>>

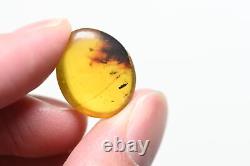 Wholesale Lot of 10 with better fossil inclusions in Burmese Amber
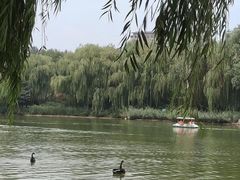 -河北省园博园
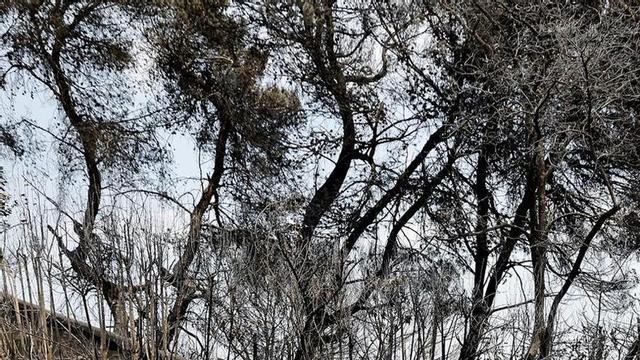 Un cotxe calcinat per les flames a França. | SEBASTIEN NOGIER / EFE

<<

- YOUR OBJECTIVE
Give the data again exactly, image-free.

- TASK ANSWER
 Wholesale Lot of 10 with better fossil inclusions in Burmese Amber
 -河北省园博园
 Un cotxe calcinat per les flames a França. | SEBASTIEN NOGIER / EFE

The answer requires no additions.